Maria’s story sounds like the start of many domestic human trafficking stories: a runaway with a complicated family life meets a man who starts as her boyfriend and ends as her pimp. Thanks to the global reach of social media, the nightmare has spread worldwide. Technology and social networking sites like Facebook provide predators an outlet to recruit naïve girls from previously inaccessible areas. Technology has become widely accessible in Central America, even in more rural areas through internet cafes. In Honduras, a country of 8 million, there are 1,073,940 Facebook users. Most users are young and have not been trained to protect themselves or their information on the internet. The result creates the perfect victim: a girl without a family structure to protect her, with few options, and with access to the internet. Girls from Central America meet a “boyfriend” through social media, and that boyfriend pays her journey from Central America. Once the girls are in the United States, they lack immigration status, language ability, knowledge of the laws and the legal system, and a social network. This compounds the problem, making it basically impossible for the girls to leave the trafficking situation.

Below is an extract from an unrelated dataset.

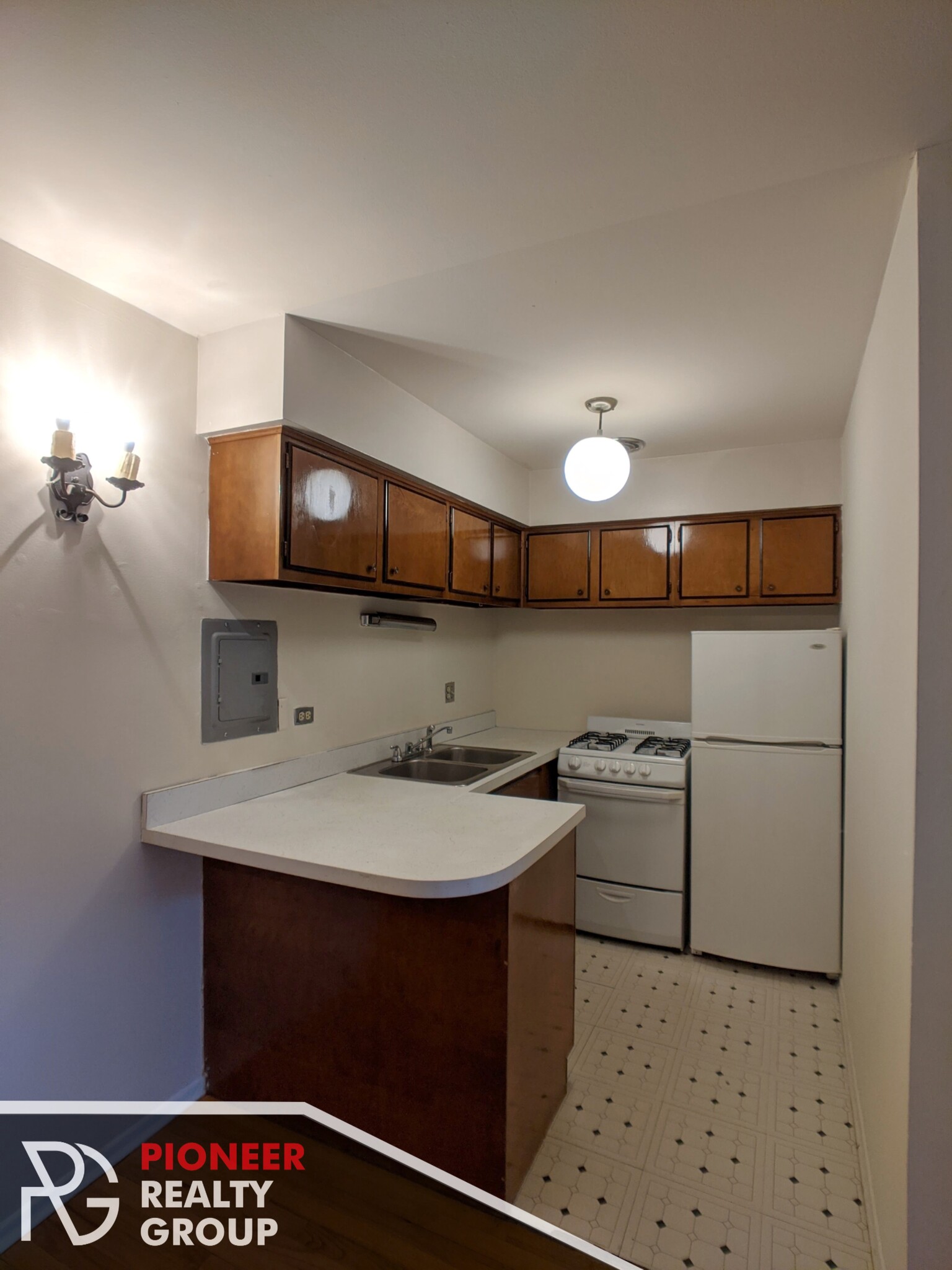 Building Photo - 671 W Wrightwood Ave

Long-distance relationship, arranged marriage, or human trafficking? One of the challenges in understanding and finding solutions for these teens is that it is hard to categorize what is going on. At least in the beginning, the girls feel they are in a consensual, long-distance relationship. They want to be swept off their feet, saved from a bad home environment, and the predator knows all the right things to say. Until they have arrived to their “boyfriend’s” home, they do not see anything wrong with the relationship. Family members are often involved, setting up the first contact and approving of the child being smuggled into the United States. This gives the situation an appearance of sanction, making it look like a kind of arranged marriage. However, this arrangement is not based in culture, tradition, or religion, and it is not an agreement made between two loving families. The girl is a child, coming to the United States to live with an adult man she has never met. She is selling herself, agreeing at a minimum to keep house and have sex with an adult man. Furthermore, it is a child agreeing to these terms, with no guarantee of how she will be treated and no way to escape the situation if and when it turns bad.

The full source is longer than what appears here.